■ Recorded information:
══════════

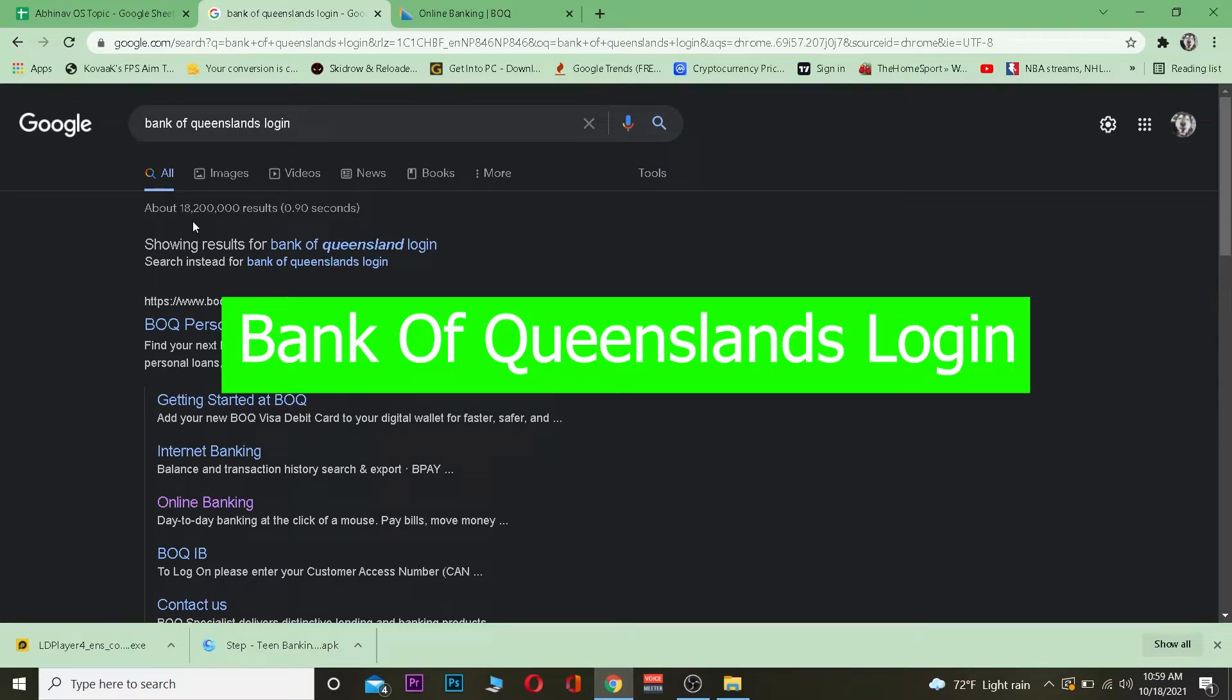In this video, I'm going to teach you how to log into Bank of Queensland. Bank of Queensland is also known as BOQ, which is short for Bank of Queensland.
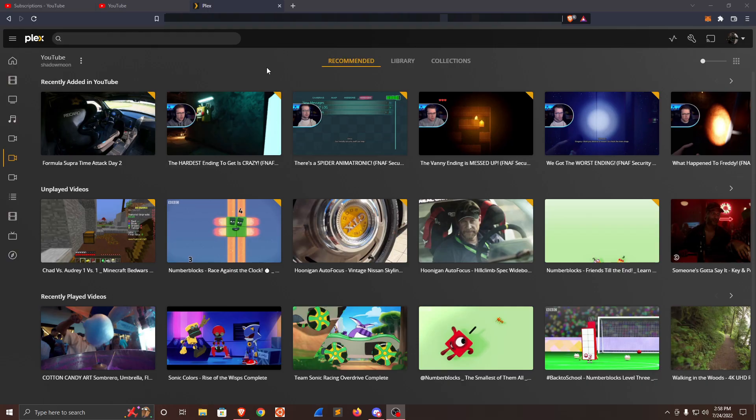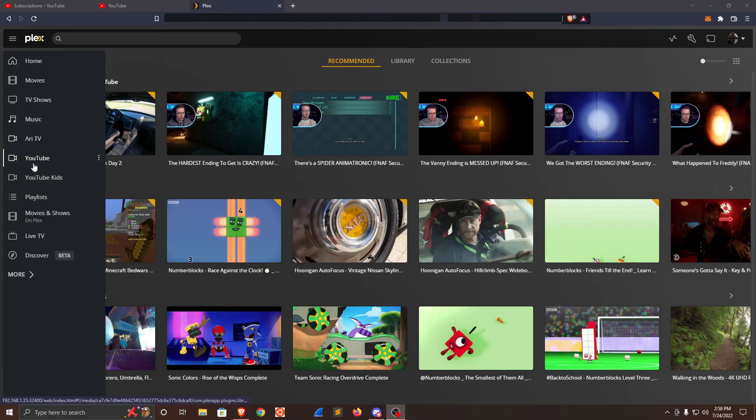On my Plex media server, a good amount of the content is from YouTube. I have two directories dedicated to YouTube: the first is YouTube, which is for more mature audiences, and the second is YouTube Kids, which is for the kids.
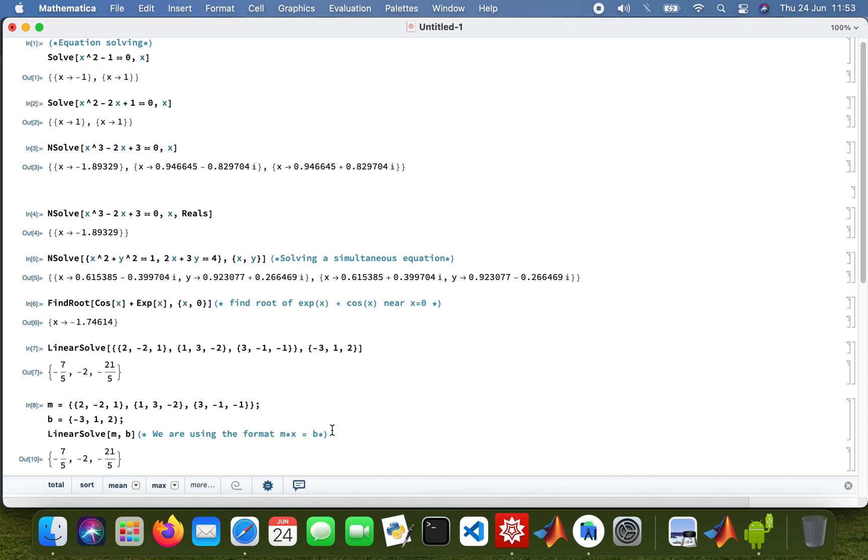So that was just a quick introduction on equation solving and just doing a matrix one and just your normal polynomials. Yeah, hopefully this is helpful, and if there's any questions feel free to hit me up at the bottom. Have a lovely day guys and thank you very much for watching.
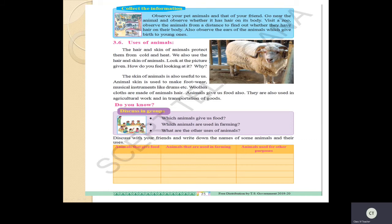For today, one more important topic: the uses of animals. The hair and skin of animals protect them from cold and heat - we know this fact. We also use the hair and skin of animals for many purposes. Look at this sheep - by seeing it you can identify that it gives us wool. The skin of animals is also useful to us - it is used to make footwear and musical instruments like drums.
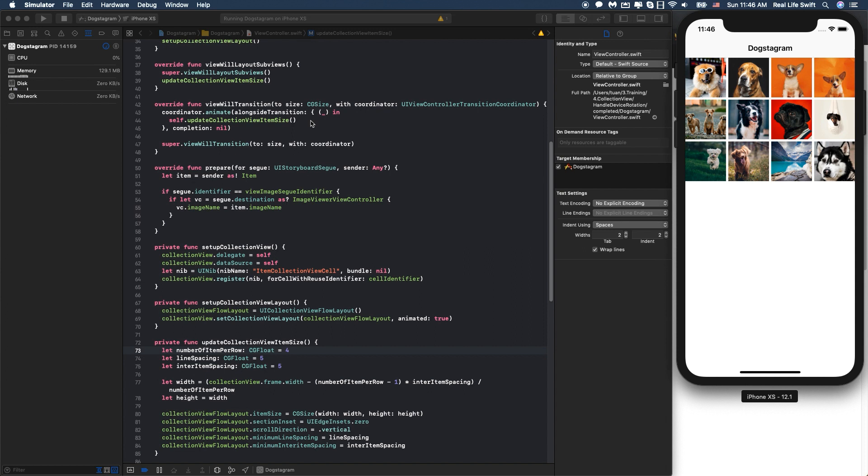So remember whenever you want to handle the device orientation change, just handle inside the coordinator.animate function like this.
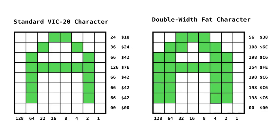To create the double width font, we get the value of each line of the original font, double it, and then OR it with the original value. This has the effect of doubling each pixel's width in the character definition.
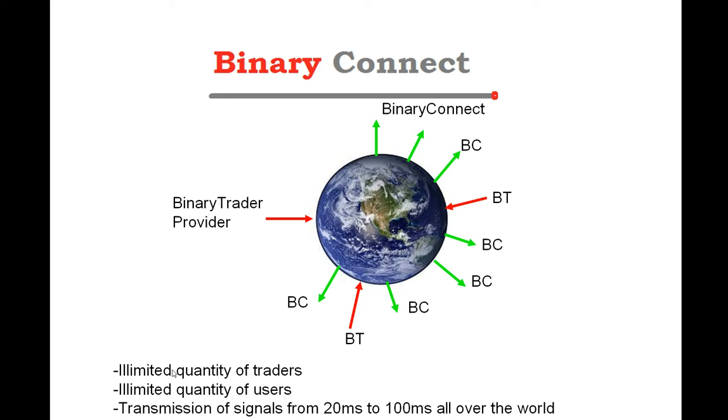In this scenario, we can have a limited quantity of traders, a limited quantity of users, and transmission of signals is ranging from 20 milliseconds to 100 milliseconds for any person everywhere in the world.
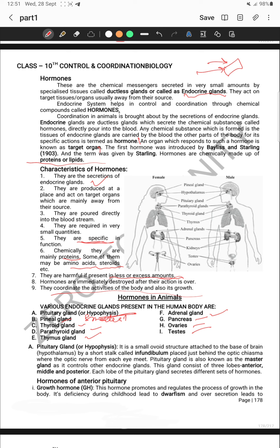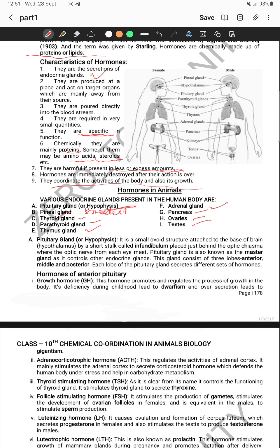The pituitary gland, which is also called hypophysis, can be seen in the diagram. This gland is attached near your hypothalamus region. It is a small oval structure that is attached to the base of your brain with the help of a stalk which we call infundibulum. From here, different nerves are also connected with our sense organs — just behind the optic chiasma, where the optic nerve from each eye meets. This gland is called the master gland as it controls all the endocrine glands.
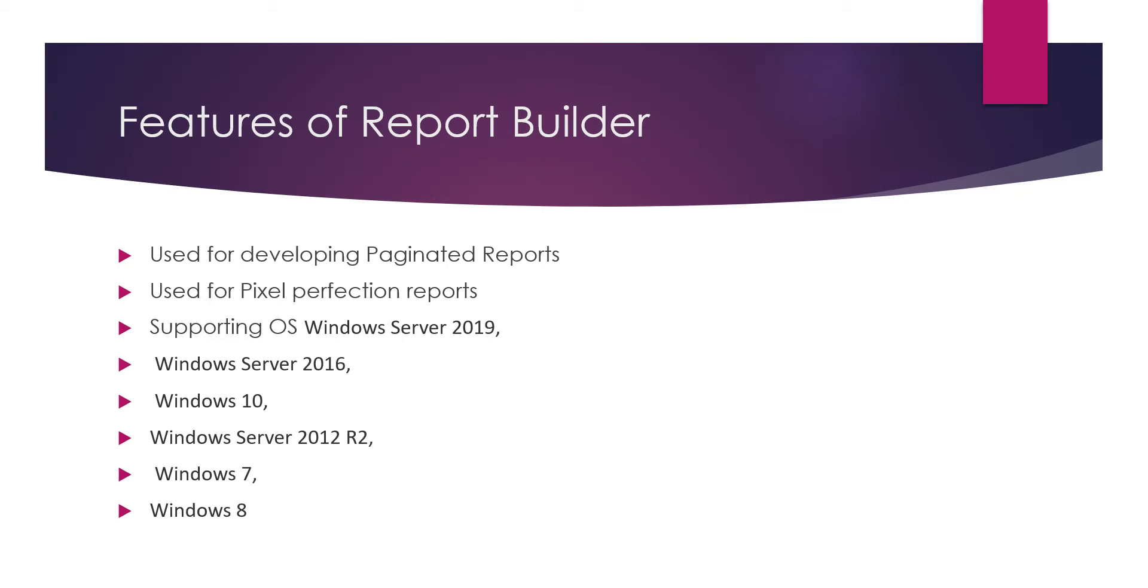My suggestion is make sure to update your operating system to Windows 10 or Windows 8, because Power BI Desktop is not supporting Windows 7, so it will be difficult for you. Windows 10 is perfect.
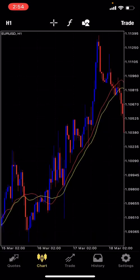The moving average doesn't just act as a point to show you price going up or going down — it also shows you support and resistance in the market. It shows you the support and resistance as the market is going in an uptrend and as the market is going in a downtrend.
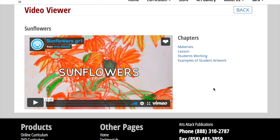Each video lesson has the same format: materials needed, demonstration of the lesson, students working through the lesson, and finally, examples of finished artwork.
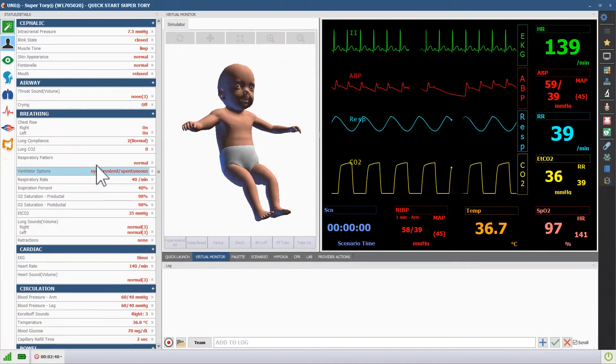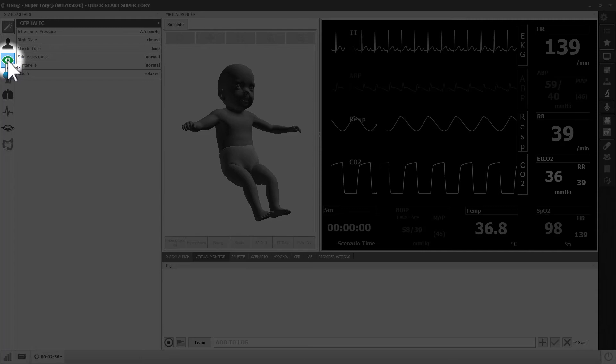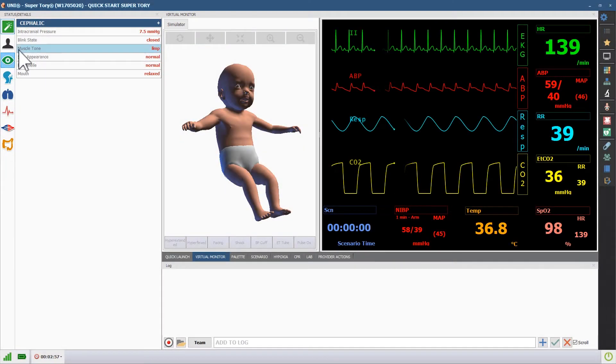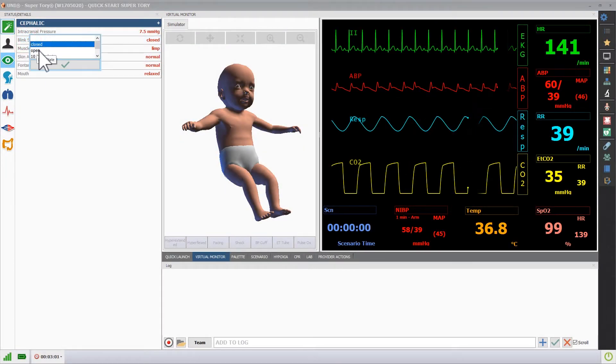To change the activity of Supertory's eyes, open the cephalic menu. Click the blink state vital and choose the desired change.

══════════

■ Instructions for the task:
Your task is to restate word for word the lines from the top of the data to the line containing "On my Plex media", both ends included, with every picture left out.

■ Your response:
In this video, I'm going to teach you how to log into Bank of Queensland. Bank of Queensland is also known as BOQ, which is short for Bank of Queensland.
On my Plex media server, a good amount of the content is from YouTube. I have two directories dedicated to YouTube: the first is YouTube, which is for more mature audiences, and the second is YouTube Kids, which is for the kids.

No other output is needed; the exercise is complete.